"A Glória e a Graça" (2017) dirigido por Flávio R. Tambellini (Malu de Bicicleta - 2011) é um bom filme que lança uma luz sobre a questão da maternidade, o que ou quem qualifica uma pessoa para ser mãe? A desconstrução pode ser rasa, mas mesmo assim ainda é importante, o fato é que esse filme demorou cerca de dez anos para sair do papel e a atriz Carolina Ferraz assumiu a produção, apaixonada pela personagem Glória a construiu com honestidade e potência, a escolha de uma atriz cis para dar vida a uma travesti é polêmica e com certeza deixou de dar visibilidade a uma atriz trans, contudo mesmo com todos os enroscos que a produção sofreu merece ser visto e também serve como um pontapé para a evolução dos próximos trabalhos envolvendo o tema
Graça (Sandra Corveloni), é uma mulher solteira, mãe de dois filhos. Ao descobrir um aneurisma cerebral impossível de ser operado, ela resolve ir atrás de seu irmão Luiz Carlos (Carolina Ferraz), que, por conta de uma briga, não vê há 15 anos. Quando se encontram, Graça é surpreendida ao se deparar com Glória - uma travesti que deixou de ser Luiz Carlos e vive há muito tempo uma vida completamente diferente, como dona de um restaurante em Santa Teresa. Sensibilizada pelas circunstâncias, Glória aceita se aproximar da família aos poucos. Ela conhece seus sobrinhos, retoma a amizade com Graça e percebe que talvez, para se sentir verdadeiramente completa, precise ser mãe.

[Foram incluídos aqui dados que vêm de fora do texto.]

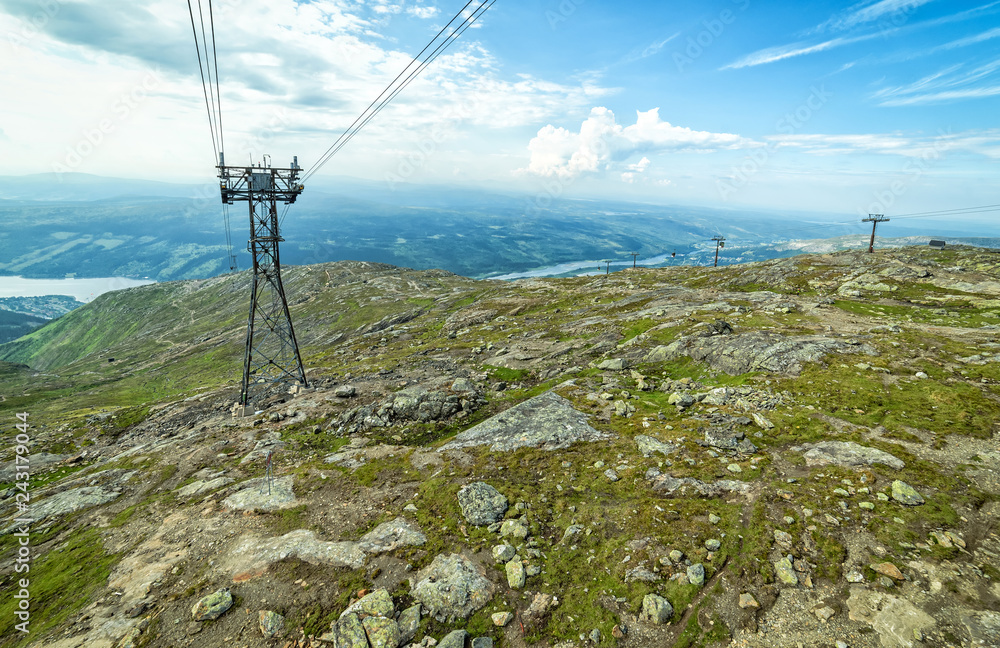 Obraz premium Cabin lift trails in Swedish mountains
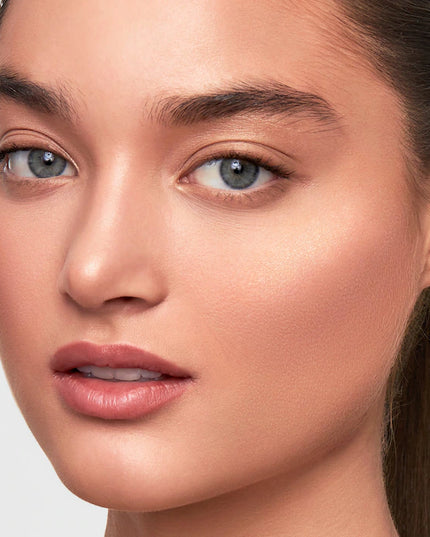 MAKEUP BY MARIO Soft Glow Highlighter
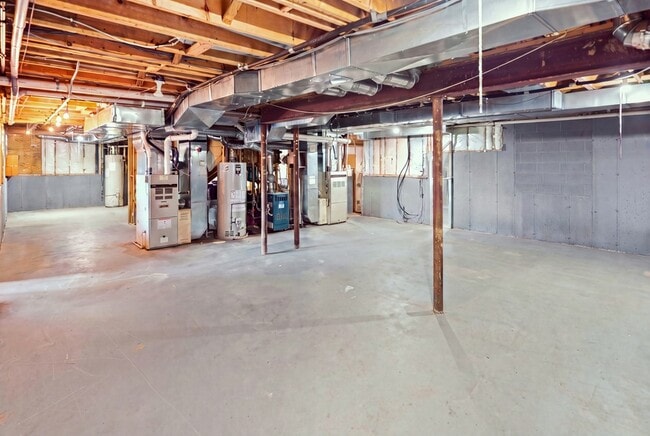 Building Photo - 45W235 Hillview Ln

Primeiro é preciso dizer que apesar de o papel não ter sido destinado a uma atriz genuinamente travesti não impediu que o longa tivesse um protagonismo marcante, Carolina Ferraz imprimiu força e sinceridade à Glória e certamente se esforçou ao máximo para não se transformar em uma caricatura, aliás seu desempenho é uma das coisas mais legais do filme. Tudo começa quando Graça descobre um aneurisma que pode levá-la a qualquer momento, sozinha e mãe de dois filhos ela precisa reencontrar o irmão que não vê há mais de dez anos e pedir ajuda, pois é seu único elo familiar. Graça é massoterapeuta e possui uma vibe boa, não cria problemas quando vê seu irmão Carlos como Glória, talvez por desesperadamente necessitar de ajuda ou simplesmente por não se importar, até porque mais tarde percebemos que na família todos já sabiam, o que foi fator decisivo para Glória se mandar de casa e sozinha lutar por suas coisas, ela viajou por diversos países, se formou na universidade, é culta e se tornou dona de um restaurante chique, o reencontro é difícil, pois retrata que só quando se precisa de ajuda é que o familiar distante aparece, Glória tem a vida que sempre quis, não tem responsabilidades maiores e tem tudo sob controle, a volta da irmã mexe com ela de alguma forma, mas de início não quer se envolver. Graça fica perturbada por não saber como lidar com os filhos e seguir com a vida depois da descoberta do aneurisma, ela tem instantes de raiva, instantes de tristeza.
Com o passar dos dias Glória repensa e vai atrás de Graça e aos poucos se reconectam, elas relembram o passado, ela conhece os sobrinhos, uma adolescente que sofre bullying na escola e o garoto que vive no reino da imaginação, vai tomando conta da situação e deixando Graça feliz, claro que nem tudo são flores e muitas histórias do passado vêm à tona, Glória descobre outras e troca de farpas acontecem, um acerto de contas final. A questão da aceitação de Glória não é tão explorada, retrata seu cotidiano muito por cima e seu passado é só conversas aleatórias, a história faz questão de colocá-la numa posição de já ter conquistado as coisas, seus diálogos é que nos demonstra o quanto foi penoso, enfrentar preconceitos, e principalmente, lidar com a solidão. A dificuldade em criar laços e ter carinho parece o maior obstáculo para Glória.
"A Glória e a Graça" não possui profundidade e há uma inconstância no roteiro, mas possui momentos muito ternos e naturais, o plot é o drama familiar, a reconexão de duas irmãs, a empatia pelo outro, o tão necessário afeto, desconstrói o conceito família e introduz algumas das questões que envolvem a vida de uma travesti, como por exemplo, sempre associá-las à prostituição, há cenas dotadas de emoção, os planos são quase na totalidade fechados, no interior da casa de Graça e a bela fotografia com bastante cores ajuda a compôr um cenário por vezes até lúdico, e quase para o final há uma cena dentro desse contexto com todos fantasiados, onde Glória representa uma sereia, um simbolismo maravilhoso que ao longo é disposto na história. É um filme leve, terno e que possui a sua maior força na gloriosa atuação de Carolina Ferraz.